London is a little mad. London also seems to have a ‘thing’ about the loos. Not only was the flush toilet invented in the English capital, but London features The Attendant where you can buy your coffee in a former loo, the V&A Museum Loos built for Queen Victoria, and the Marble Urinals in the Weslyn Chapel, rumoured to be London’s oldest Gent’s loos. This doesn’t even mention the Art Loo in St Mary’s churchyard in Soho or the stunning toilet tiles in the Paddington Street Gardens, not far from Baker Street.
Let me assure you, no one I know frequents establishments for the quality of their loos (a notable exception might be the restaurant Sketch, they are so notoriously interesting) but it is fun when the owners use them as a unique opportunity to show a classic British sense of humour.
Enter stage left the recently refurbished Gents loos (EDIT: And now the Ladies, gender equality in action!) at Marylebone Station.
On a trip out of the capital (slaking a touch of Donkey on the Edge Syndrome) recently, the intrepid Mr Kiwi reported his find, and offered to share the awesome artwork that us ladies are unable to enjoy, while zooming through the station that acts as the London gateway to the Chiltern Hills.
At 30p a time, it’s getting more and more expensive to spend a penny, but I wholeheartedly love these.
And at least it’s not £200 and you don’t have to pass go.
Did you know (according to Wikipedia);
In 1936, Parker Brothers began licensing the game for sale outside of the United States.
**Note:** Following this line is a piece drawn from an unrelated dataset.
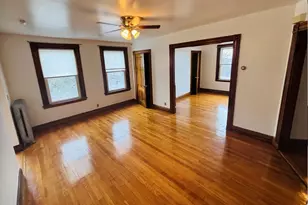 23 Munroe St, Somerville, MA 02143 - Photo 1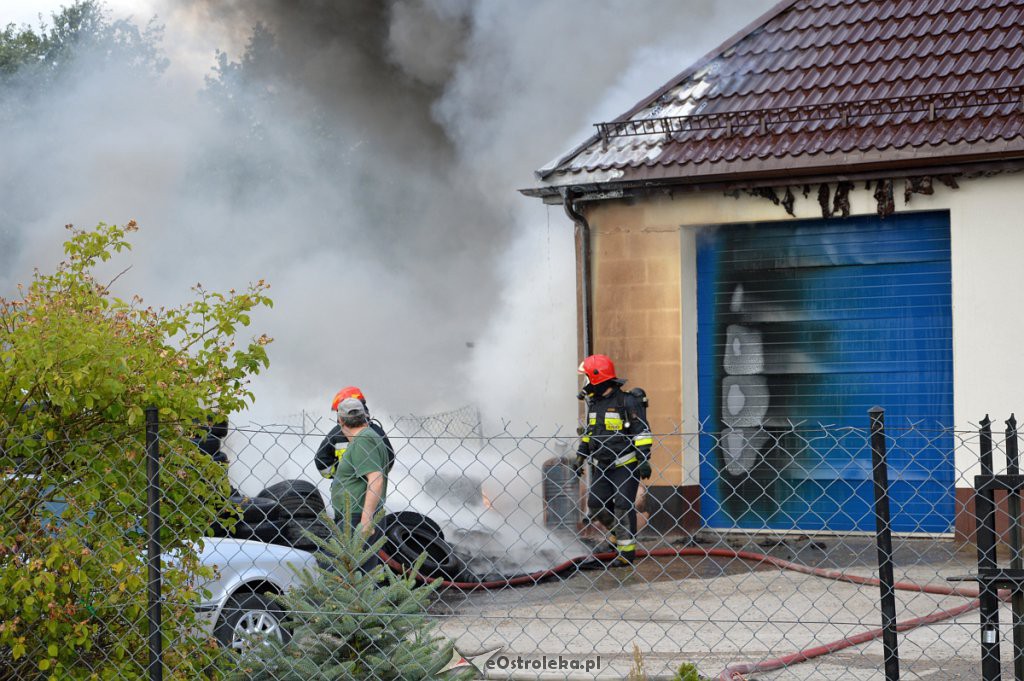 Pożar przy ul. Pędzicha [03.07.2019] - zdjęcie #11 - eOstroleka.pl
In 1941, the British Secret Intelligence Service had John Waddington Ltd., the licensed manufacturer of the game in the United Kingdom, create a special edition for World War II prisoners of war held by the Nazis.Hidden inside these games were maps, compasses, real money, and other objects useful for escaping. They were distributed to prisoners by Secret Service-created fake charity groups
I think the traditional game is best played at home with great friends, and homemade Mojitos. Funnily enough, it’s also a London pub crawl; one firmly on the 2014 to do list. We’ll be genteel though, and spread it out over a full weekend at least.
So, at last we have recognition of Marylebone’s prominence in the world’s most famous board game. Still missing though is recognition of the station’s place in Beatle history – with the Fab Four appearing here at the beginning of A Hard Day’s Night… one day, one day.
Who’d have thought a train station could have such fascinating connections? (Apologies for the pun).
What’s your favourite board game – or loo for that matter?!?